DATA PROVIDED:
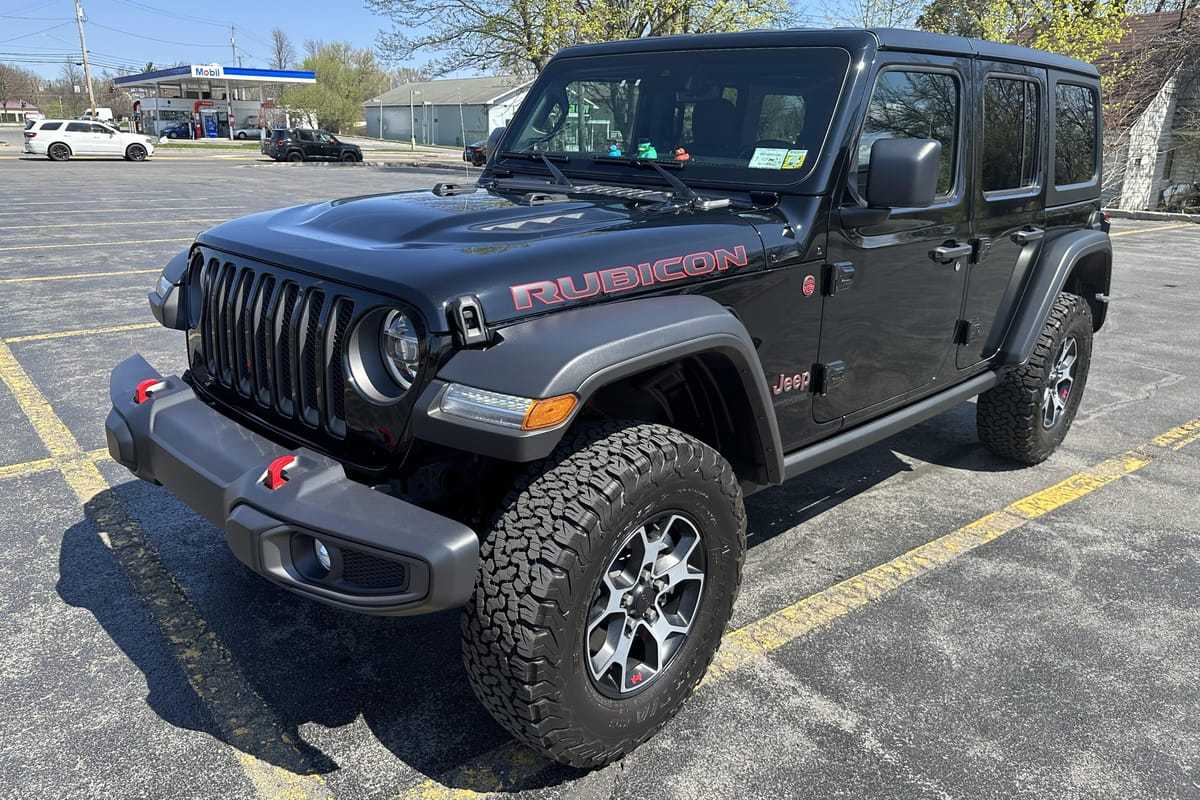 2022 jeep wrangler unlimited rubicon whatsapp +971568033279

* * *

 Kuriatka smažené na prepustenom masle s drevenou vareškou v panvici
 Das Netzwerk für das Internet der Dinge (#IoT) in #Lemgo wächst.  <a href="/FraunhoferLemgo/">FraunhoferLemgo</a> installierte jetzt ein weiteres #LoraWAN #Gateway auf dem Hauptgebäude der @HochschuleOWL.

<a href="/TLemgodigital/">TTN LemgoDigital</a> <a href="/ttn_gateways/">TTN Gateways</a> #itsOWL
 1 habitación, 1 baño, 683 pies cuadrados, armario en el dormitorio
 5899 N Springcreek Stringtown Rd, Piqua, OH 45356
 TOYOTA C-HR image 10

EXERCISE:
Where a line in the entries holds the word "href", copy that line.

SOLVED PROBLEM:
 Das Netzwerk für das Internet der Dinge (#IoT) in #Lemgo wächst.  <a href="/FraunhoferLemgo/">FraunhoferLemgo</a> installierte jetzt ein weiteres #LoraWAN #Gateway auf dem Hauptgebäude der @HochschuleOWL.
<a href="/TLemgodigital/">TTN LemgoDigital</a> <a href="/ttn_gateways/">TTN Gateways</a> #itsOWL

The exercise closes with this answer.